定格表示は入力: AC100-240V/0.6A、出力はTYPE-C(USB PD)が「5.0V-3A,9.0V-2.22A, 12.0V-1.67A」、USB-A(QC3.0)が「5.0V-3A,9.0V-2.0A, 12.0V-1.5A」です。
TYPE-CとUSB-Aの同時使用時は「MAX15W」となっています。

04_本体のPSEマークと定格表示
本体のPSEマークと定格表示

本体の分解

本体ケースは接着されているため、接着部分をカッター等で切断して開封します。内部は「ACプラグ」と「プリント基板」で構成されています。
ACプラグは折り畳み式で基板とは電極で接触して接続する方式となっています。

開封した本体
開封した本体

プリント基板は2枚構成で、メインボードに差し込む形でTYPE-Cコネクタが実装されたサブボードが半田付けされています。

メインボード上に立っているサブボード
メインボード上に立っているサブボード

回路構成と主要部品の仕様

メインボード

メインボードはガラスエポキシ(FR4)の両面基板です。基板上には型番「30-0073」と製造日「2132」(21年32週)の表示があります。
写真にはメインボード表面の主要な実装部品を記載しています。電源トランスの2次側はピンではなくの巻線を引き出して直接プリント基板に半田付けをしています。

メインボード_表面
メインボード(表面)

メインボード裏面にはチップ部品が実装されています。
大電流が流れる部分はGND電流のルートを制御するためにパターンにカットを入れ、さらに両面のパターンをスルーホールで接続してインピーダンスを下げています。
1次側~2次側の絶縁距離を確保するための「スリット」もあり、電源回路としては問題のない設計となっています。

メインボード_裏面
メインボード(裏面)

サブボード

サブボードはガラスエポキシ(FR4)の両面基板です。こちらも基板上に型番「30-0074」と製造日「2132」(21年32週)の表示があります。
表面にはUSB TYPE-Cコネクタと充電コントローラが実装されています。
メインボードとサブボードはコネクタは使用せずに基板のスリットに差し込んで半田付けされています。

サブボード_表面
サブボード(表面)

裏面にも単体の型番「KRAC20W-A VER 1.0」の表示があります。裏面にはUSB-Aコネクタへの充電電源(VBUS)出力をON-OFFするためのP-MOS FETが実装されています。

サブボード_裏面
サブボード(裏面)

回路構成

基板パターンより回路図を作成しました。
※2022/11/23:PMOS FETのS-Dが逆なのに気がついたので差し替えました

回路図

1次側(AC側)の構成は電源回路としては一般的な構成になっています。
電源制御IC(U1)は電源トランス(T1)のスイッチング用のFETとコントローラがワンチップになっています。
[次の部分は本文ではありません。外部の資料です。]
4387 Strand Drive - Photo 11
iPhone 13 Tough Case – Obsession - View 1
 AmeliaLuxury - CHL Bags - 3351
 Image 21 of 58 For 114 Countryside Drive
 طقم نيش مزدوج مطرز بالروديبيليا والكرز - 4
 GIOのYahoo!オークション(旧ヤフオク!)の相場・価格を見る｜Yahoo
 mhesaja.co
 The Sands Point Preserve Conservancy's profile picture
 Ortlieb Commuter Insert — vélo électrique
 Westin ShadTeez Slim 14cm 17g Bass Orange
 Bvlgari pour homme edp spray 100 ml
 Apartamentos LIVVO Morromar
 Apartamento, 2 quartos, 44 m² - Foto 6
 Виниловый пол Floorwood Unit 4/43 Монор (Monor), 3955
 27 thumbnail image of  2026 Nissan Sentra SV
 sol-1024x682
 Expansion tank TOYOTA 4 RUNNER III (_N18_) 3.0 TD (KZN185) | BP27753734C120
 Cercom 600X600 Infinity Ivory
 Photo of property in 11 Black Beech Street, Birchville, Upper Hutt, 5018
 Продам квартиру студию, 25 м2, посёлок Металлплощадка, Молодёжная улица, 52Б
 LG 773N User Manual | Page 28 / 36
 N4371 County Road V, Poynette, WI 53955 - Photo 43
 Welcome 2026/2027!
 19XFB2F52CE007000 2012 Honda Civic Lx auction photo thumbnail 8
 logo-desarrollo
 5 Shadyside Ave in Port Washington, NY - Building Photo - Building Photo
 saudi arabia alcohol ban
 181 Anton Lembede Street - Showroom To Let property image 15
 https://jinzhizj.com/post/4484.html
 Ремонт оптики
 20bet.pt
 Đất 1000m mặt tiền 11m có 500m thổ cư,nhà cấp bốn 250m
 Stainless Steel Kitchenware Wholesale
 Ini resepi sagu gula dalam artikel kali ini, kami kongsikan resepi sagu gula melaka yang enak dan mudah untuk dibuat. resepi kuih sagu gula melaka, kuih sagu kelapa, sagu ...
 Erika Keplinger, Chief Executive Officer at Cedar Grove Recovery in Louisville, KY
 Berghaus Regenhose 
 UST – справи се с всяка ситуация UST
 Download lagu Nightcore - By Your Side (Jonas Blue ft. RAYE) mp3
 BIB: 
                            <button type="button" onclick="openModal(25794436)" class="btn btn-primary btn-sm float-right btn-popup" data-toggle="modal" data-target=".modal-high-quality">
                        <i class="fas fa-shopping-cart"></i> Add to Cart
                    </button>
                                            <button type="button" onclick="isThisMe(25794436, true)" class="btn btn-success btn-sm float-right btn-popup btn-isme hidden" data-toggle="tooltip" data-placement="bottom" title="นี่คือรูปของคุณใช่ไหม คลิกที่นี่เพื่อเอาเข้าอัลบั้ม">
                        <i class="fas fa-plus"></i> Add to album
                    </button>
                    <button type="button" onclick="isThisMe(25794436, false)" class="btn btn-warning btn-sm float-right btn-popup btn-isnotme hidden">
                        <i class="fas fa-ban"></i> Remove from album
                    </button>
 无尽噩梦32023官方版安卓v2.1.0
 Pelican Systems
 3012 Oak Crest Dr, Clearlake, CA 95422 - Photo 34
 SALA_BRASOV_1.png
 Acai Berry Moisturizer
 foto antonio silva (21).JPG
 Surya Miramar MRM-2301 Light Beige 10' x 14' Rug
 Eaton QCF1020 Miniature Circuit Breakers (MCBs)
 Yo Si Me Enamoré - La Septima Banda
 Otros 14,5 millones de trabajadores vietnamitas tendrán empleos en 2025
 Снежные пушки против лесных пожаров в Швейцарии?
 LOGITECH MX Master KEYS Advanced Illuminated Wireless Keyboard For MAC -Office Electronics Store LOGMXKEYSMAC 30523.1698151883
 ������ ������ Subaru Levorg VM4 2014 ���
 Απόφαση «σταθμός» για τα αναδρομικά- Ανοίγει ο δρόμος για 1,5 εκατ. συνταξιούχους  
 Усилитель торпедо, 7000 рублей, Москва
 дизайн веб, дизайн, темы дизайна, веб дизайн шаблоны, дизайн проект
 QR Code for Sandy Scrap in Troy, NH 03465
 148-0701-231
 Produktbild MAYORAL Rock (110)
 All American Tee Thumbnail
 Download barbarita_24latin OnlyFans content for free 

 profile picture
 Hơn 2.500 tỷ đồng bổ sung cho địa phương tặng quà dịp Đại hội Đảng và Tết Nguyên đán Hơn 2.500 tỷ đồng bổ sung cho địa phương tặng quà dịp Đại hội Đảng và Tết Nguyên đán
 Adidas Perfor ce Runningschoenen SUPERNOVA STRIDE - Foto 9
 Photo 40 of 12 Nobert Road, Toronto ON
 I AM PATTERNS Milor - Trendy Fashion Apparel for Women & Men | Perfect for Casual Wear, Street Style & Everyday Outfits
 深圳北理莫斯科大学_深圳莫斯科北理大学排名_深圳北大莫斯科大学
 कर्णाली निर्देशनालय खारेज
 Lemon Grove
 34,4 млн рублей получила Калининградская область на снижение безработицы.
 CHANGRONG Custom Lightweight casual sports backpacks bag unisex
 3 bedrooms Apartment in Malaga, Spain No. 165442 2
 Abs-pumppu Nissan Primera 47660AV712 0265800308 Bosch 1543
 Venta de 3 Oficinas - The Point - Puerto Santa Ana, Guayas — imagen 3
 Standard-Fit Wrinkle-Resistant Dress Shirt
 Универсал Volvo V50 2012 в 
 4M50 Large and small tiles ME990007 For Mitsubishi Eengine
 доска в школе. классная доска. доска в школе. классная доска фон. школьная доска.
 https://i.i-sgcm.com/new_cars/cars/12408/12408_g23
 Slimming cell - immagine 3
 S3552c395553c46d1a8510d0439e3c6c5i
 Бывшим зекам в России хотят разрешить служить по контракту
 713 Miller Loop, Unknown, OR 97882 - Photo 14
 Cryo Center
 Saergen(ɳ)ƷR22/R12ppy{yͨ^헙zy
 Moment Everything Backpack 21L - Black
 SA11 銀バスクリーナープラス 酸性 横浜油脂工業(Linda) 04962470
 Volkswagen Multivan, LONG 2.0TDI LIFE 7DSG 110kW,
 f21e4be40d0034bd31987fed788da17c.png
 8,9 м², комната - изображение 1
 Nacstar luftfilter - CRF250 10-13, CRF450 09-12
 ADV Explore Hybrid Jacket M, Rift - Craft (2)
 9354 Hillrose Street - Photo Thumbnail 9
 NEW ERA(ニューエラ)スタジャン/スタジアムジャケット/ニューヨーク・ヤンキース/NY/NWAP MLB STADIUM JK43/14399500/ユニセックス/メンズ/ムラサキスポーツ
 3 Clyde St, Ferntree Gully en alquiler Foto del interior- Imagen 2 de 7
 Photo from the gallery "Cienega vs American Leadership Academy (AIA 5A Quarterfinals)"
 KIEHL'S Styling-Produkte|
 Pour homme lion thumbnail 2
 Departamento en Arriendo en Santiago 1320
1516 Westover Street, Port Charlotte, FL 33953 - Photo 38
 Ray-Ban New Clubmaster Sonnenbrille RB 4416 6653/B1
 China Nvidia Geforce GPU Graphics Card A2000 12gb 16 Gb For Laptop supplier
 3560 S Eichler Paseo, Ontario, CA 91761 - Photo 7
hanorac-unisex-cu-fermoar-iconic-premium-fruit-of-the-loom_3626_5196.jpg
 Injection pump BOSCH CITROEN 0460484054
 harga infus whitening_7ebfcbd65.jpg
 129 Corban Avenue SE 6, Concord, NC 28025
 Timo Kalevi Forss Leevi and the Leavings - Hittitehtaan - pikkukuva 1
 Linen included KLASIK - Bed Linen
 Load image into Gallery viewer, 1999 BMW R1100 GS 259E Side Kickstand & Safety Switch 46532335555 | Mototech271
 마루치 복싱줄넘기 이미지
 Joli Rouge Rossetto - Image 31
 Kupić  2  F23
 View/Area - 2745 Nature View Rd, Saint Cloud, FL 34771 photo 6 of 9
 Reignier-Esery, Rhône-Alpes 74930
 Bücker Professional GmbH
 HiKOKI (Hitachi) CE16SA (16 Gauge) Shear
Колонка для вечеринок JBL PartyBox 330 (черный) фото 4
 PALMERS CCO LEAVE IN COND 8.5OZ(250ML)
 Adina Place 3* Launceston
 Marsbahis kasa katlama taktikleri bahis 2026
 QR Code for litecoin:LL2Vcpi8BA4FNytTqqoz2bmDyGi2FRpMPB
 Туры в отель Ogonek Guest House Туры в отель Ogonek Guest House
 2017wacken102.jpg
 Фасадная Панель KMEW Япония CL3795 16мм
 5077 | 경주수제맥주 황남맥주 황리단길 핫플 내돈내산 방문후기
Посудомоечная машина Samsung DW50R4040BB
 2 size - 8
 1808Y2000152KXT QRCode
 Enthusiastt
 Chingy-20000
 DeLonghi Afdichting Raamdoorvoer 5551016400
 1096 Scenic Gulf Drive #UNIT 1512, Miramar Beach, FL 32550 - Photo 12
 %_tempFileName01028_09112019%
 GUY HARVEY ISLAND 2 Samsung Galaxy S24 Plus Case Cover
2次側(USB側)の出力電圧はフォトカプラ(U2)を経由して電源制御IC(U1)のフィードバック端子に入力して制御しています。この構成は出力電流の変動に対して出力電圧の安定度がよくなります。

2次側(USB側)のサブボード上の充電コントローラがUSB PD(TYPE-C)およびQC3.0(USB-A)に接続されたデバイスを判別して充電用の電圧・電流の制御を行っています。

主要部品の仕様

次に本製品の主要部品について調べていきます。

電源制御IC(U1) CRE6959VH

12_電源制御IC
電源制御IC

電源制御ICは「深圳市康源半导体有限公司(http://www.cresemi.com)」製のスイッチング電源コントローラ「CRE6959VH」です。
データシートは以下より入手できます。

http://www.cresemi.com/uploads/soft/201028/2-20102R02915.pdf

スイッチング電源に必要な大電流FETと制御ロジック回路がワンチップになっているオールインワンのICです。

13_CRE6956HVのブロック図
CR6956VHのブロック図

充電コントローラ(U3) XPD738

14_充電コントローラ
充電コントローラ

充電コントローラは「深圳市矽源特科技有限公司 (http://www.chipsourcetek.com/)」製のUSB TYPE-C(PD)とUSB-A(QC)のデュアルポートコントローラ「XPD738」です。
データシートは以下より入手できます。

http://www.chipsourcetek.com/Uploads/file/XPD738.pdf

TYPE-CのCC1/CC2ライン及びUSB-AのD+/D-ラインで接続されたデバイスと通信を行い、要求された出力電圧に応じてフォトカプラ(U2)を経由して1次側の電源を制御します。
TYPE-CとUSB-Aの両方にデバイスが接続された場合には出力電圧は5Vに固定される仕様となっています。

15_XPD738のブロック図
XPD738のブロック図

USB充電プロファイルの確認

次に本製品のUSB充電プロファイルを確認してみます。解析には前回同様「ChargerLAB POWER-Z KT001(https://www.chargerlab.com/power-z-kt001-usb-power-tester-with-pd-qc-trigger-and-mfi-identification/)」を使用しました。

画像16
ChargerLAB POWER-Z KT001

USB PDパワールール(PDO)の確認

まずはTYPE-C側のUSB PDパワールール(Power Data Objects)の確認結果です。仕様である「5.0V-3A,9.0V-2.22A, 12.0V-1.67A」と一致しているのが確認できます。

16_USB_PDパワールールの確認
USB PD PDOの確認

QCプロファイルの確認

次にUSB-A側のQCプロファイルの確認結果です。仕様である「5.0V-3A,9.0V-2.0A, 12.0V-1.5A」をサポートしているのが確認できます。QC3.0での200mVステップでの出力電圧可変にも対応しています。(実機動作確認済)

17_QCプロファイルの確認
QCプロファイルの確認

出力電流-電圧特性の確認

電子負荷を使って実際にどれくらいの電流まで出力できるかをUSB PDの各パワールールで測定しました。点線は定格出力+/-5%のラインです。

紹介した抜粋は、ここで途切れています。